__Work required__. Return a verbatim reproduction of each line, starting at the line with "this 1344×896 image." and ending at the last line of the listing below.

Top of Listed entries

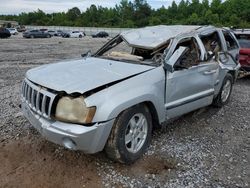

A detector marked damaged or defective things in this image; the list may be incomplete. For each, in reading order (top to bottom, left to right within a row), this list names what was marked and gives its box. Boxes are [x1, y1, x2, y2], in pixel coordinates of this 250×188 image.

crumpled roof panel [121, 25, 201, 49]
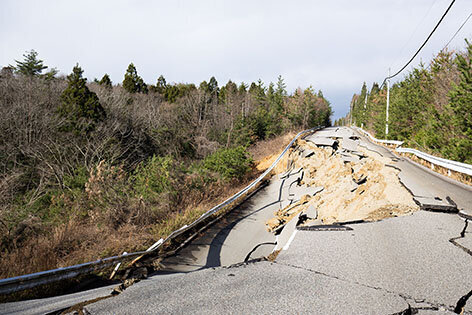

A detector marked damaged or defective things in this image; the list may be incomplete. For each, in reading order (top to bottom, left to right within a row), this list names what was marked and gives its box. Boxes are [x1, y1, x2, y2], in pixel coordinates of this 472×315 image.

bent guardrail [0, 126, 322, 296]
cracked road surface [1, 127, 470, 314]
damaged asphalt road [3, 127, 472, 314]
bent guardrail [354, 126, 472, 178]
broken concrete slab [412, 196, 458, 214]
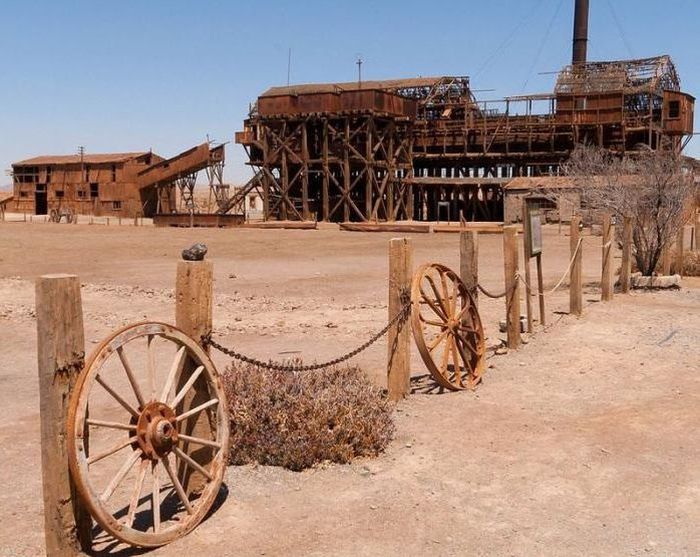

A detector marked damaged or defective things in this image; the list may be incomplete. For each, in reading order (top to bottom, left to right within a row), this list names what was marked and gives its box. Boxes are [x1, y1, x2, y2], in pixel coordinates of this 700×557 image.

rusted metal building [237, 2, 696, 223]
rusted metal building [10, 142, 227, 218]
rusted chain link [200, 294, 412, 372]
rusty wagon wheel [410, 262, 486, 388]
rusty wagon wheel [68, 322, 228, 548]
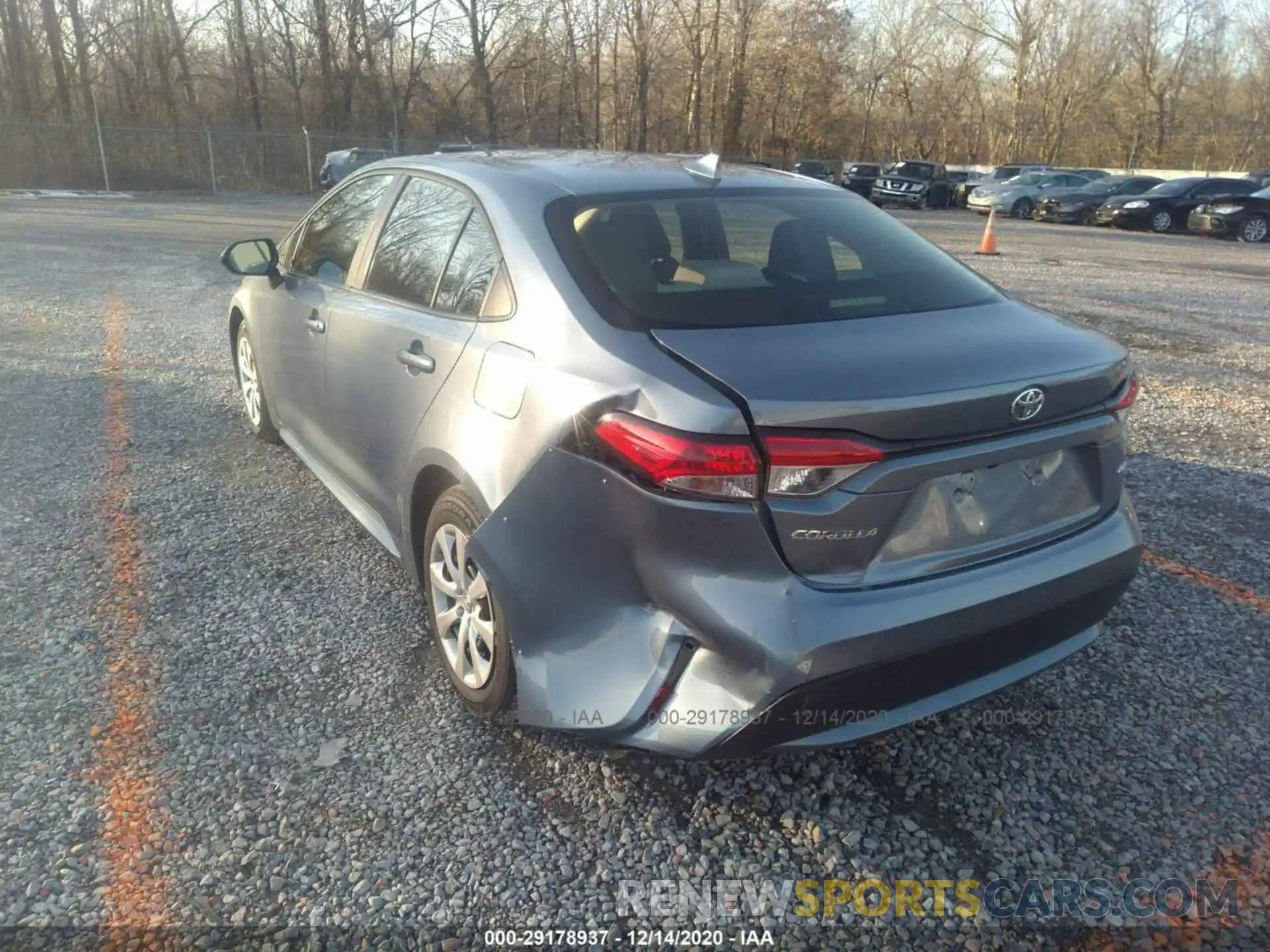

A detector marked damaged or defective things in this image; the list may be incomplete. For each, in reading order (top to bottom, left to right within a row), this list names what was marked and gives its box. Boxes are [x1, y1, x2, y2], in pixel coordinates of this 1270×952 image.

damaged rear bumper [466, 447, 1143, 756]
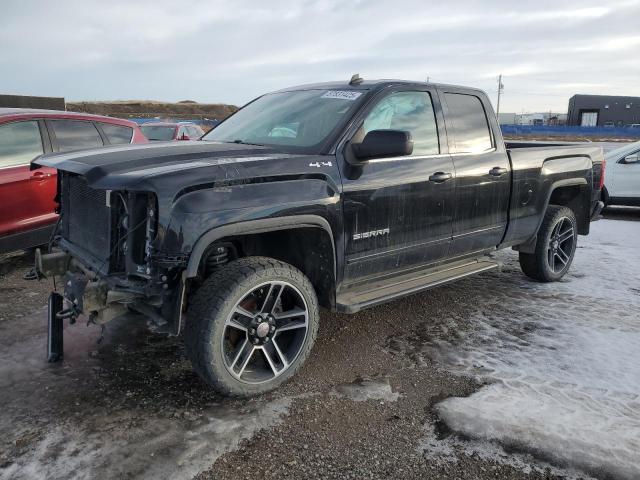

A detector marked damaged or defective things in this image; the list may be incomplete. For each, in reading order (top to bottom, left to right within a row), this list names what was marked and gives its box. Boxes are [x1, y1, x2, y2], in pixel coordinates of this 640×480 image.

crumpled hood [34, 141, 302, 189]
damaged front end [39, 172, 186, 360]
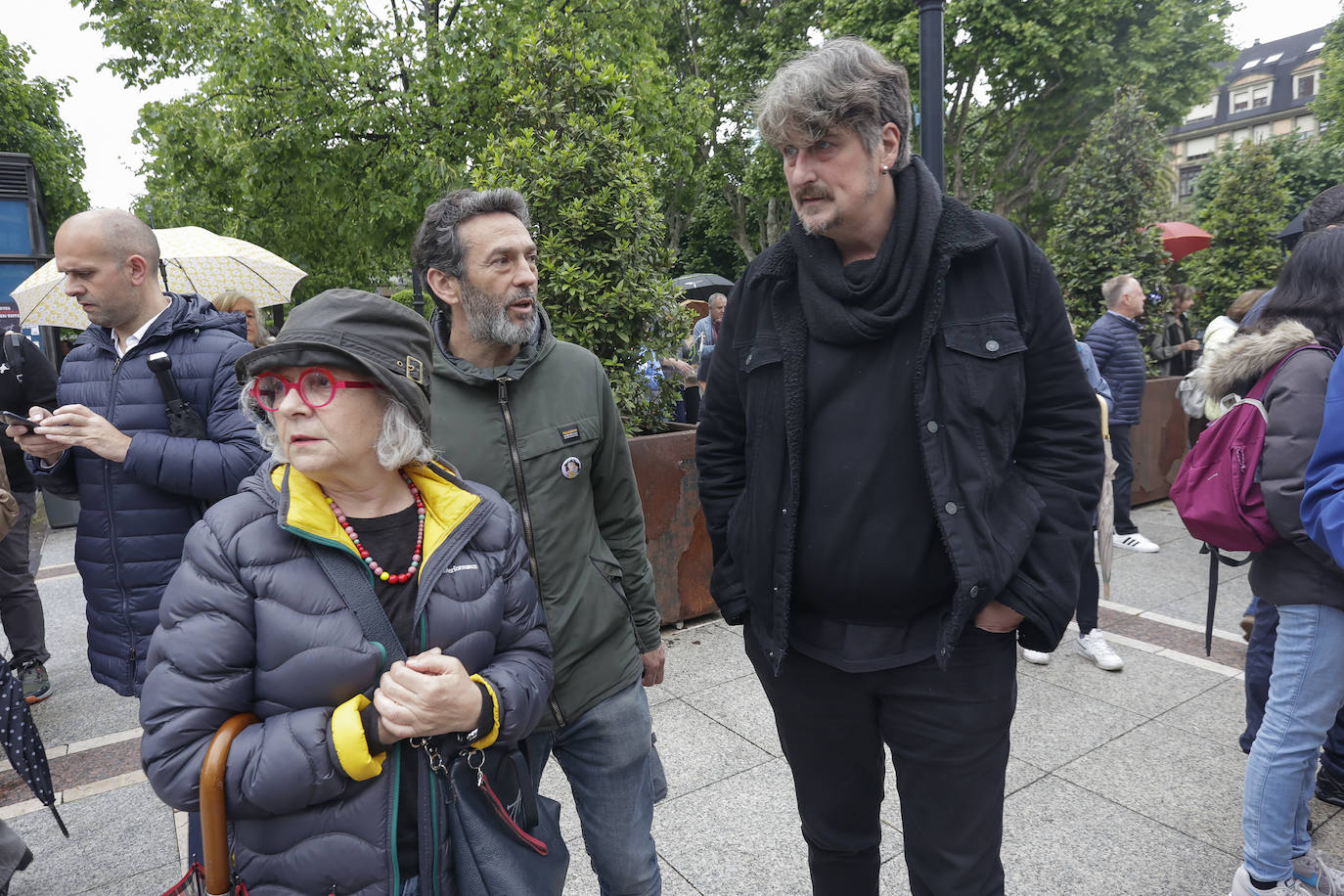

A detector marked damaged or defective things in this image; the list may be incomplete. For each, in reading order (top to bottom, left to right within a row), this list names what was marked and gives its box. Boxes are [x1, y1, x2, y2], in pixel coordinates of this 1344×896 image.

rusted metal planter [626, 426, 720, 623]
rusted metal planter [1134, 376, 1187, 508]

Bottom of Listed entries

__Solution to this problem__.
A detector marked damaged or defective things in this image; the list may be incomplete. For each, in reading order (top to bottom, left to right within a row), this list names what was marked and gives its box. Boxes are [x1, y1, x2, y2], in pixel coordinates of this 1344×896 image.

rusted metal planter [626, 426, 720, 623]
rusted metal planter [1134, 376, 1187, 508]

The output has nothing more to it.